Icon Sport

Brive a flirté avec l'exploit

Brive a flirté avec l'exploit

Le 04/03/2018 à 09:05Mis à jour Le 04/03/2018 à 13:23

Décrocher un point de bonus défensif (17-13) sur la pelouse du Racing 92 n'est pas donné à toutes les équipes. Brive l'a fait, avec panache. Mais pas seulement. Les Corréziens ont aussi montré de l'appétence pour un jeu de mouvement séduisant, notamment en première période. Las, quelques détails techniques ont manqué pour espérer mieux. Explications.

Franchir n'est pas marquer

Depuis le début de la saison, Brive est l'une des équipes de Top 14 qui franchit le moins. Or, samedi soir, durant les quarante premières minutes de la rencontre, les Corréziens ont eu la main-mise sur le ballon et n'ont eu de cesse de naviguer à leur guise au cœur de la U Arena. Une vrai performance face à la meilleure défense du Top 14.

Au moins à quatre reprises, les joueurs de Nicolas Godigon ont franchi très nettement la défense des Racingmen. Pourtant, ils n'ont que rarement concrétisé leurs avancées, se montrant parfois trop impatients, souvent imprécis. Un exemple ? Dès la deuxième minute Galala traversait plein axe et se laissait aller à une « chistera » aussi hasardeuse qu'inutile.
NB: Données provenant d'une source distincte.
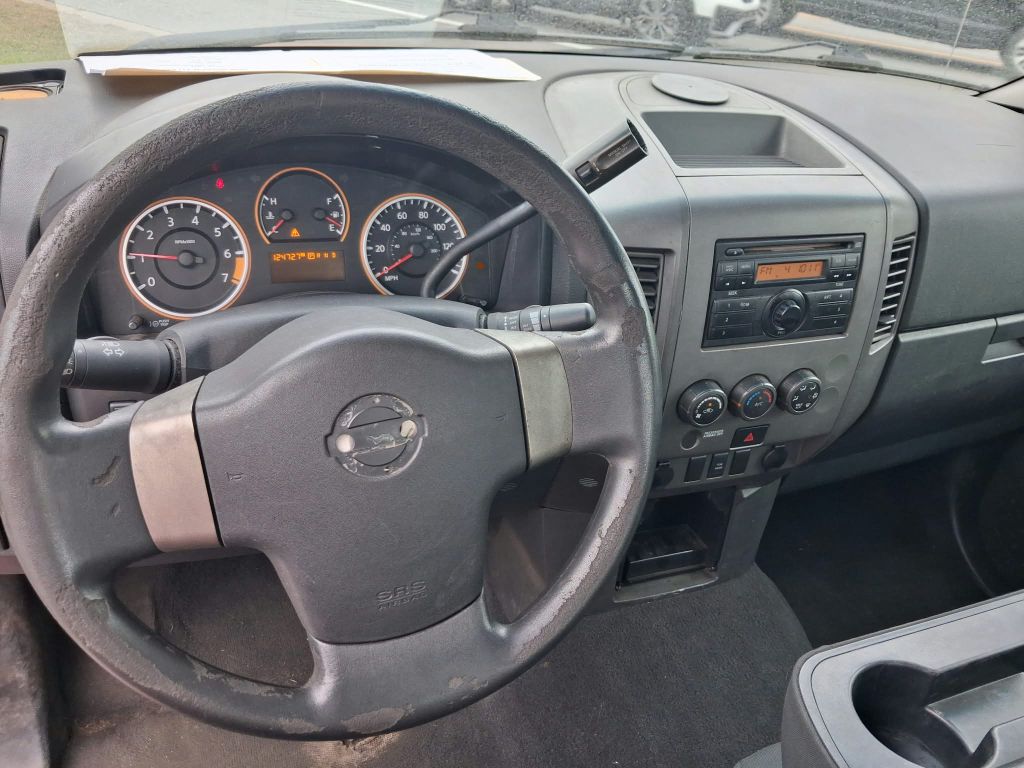 Photo 7 of this NISSAN TITAN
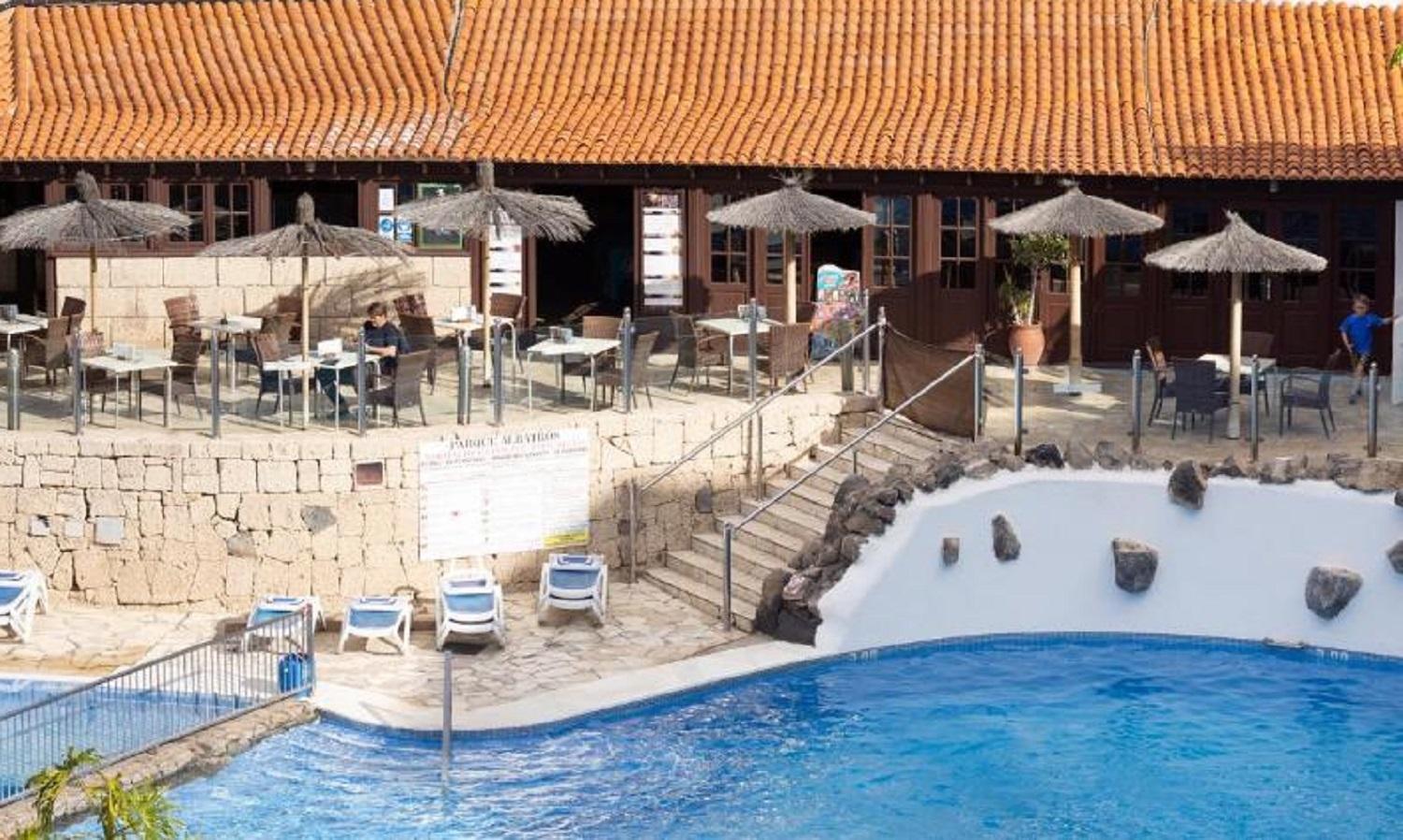 Bib's Pool Side And Ocean View Apartment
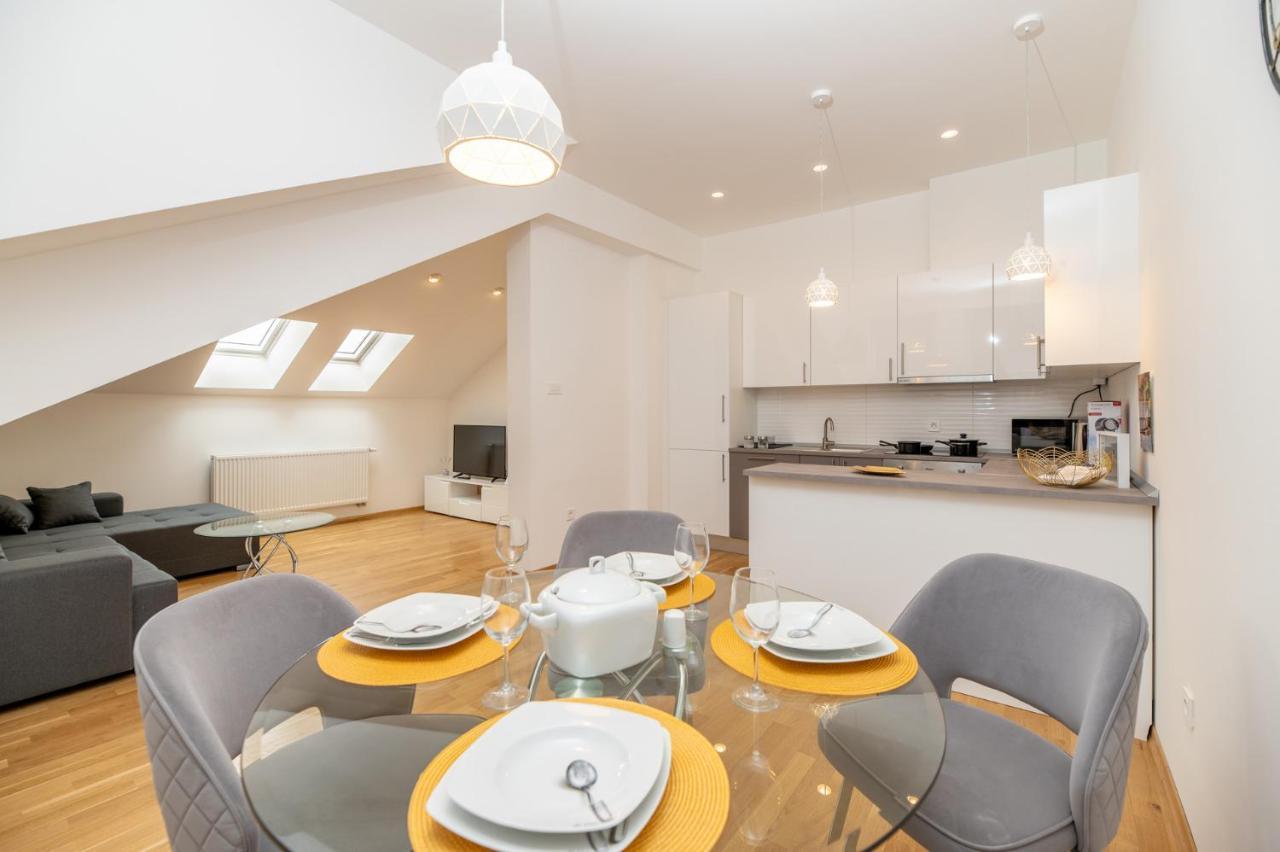 קופריבניצה Apartments Adversarium מראה חיצוני תמונה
En suivant, Johstone lui aussi déchirait la défense ciel et blanche (5e). Plus loin, Guillame Namy commettait un en-avant dans la zone de marque. Plus tard, Laranjera et Ugalge, eux aussi, s'engouffraient, mais la conservation n'était pas assurée, faute de soutien offensif prompt à réagir. "On a manqué de réalisme, a reconnu le manager Nicolas Godignon. C'est dommage. On a peut-être manqué d'habitude. Chaque occasion qu'on ne met pas est une occasion de perdue. C'est regrettable car le Racing n'était peut-être pas dans un très bon jour. On aurait peut-être mérité en effet de marquer un essai de plus, on ne l'a pas fait. Et c'est ce qui a fait la différence."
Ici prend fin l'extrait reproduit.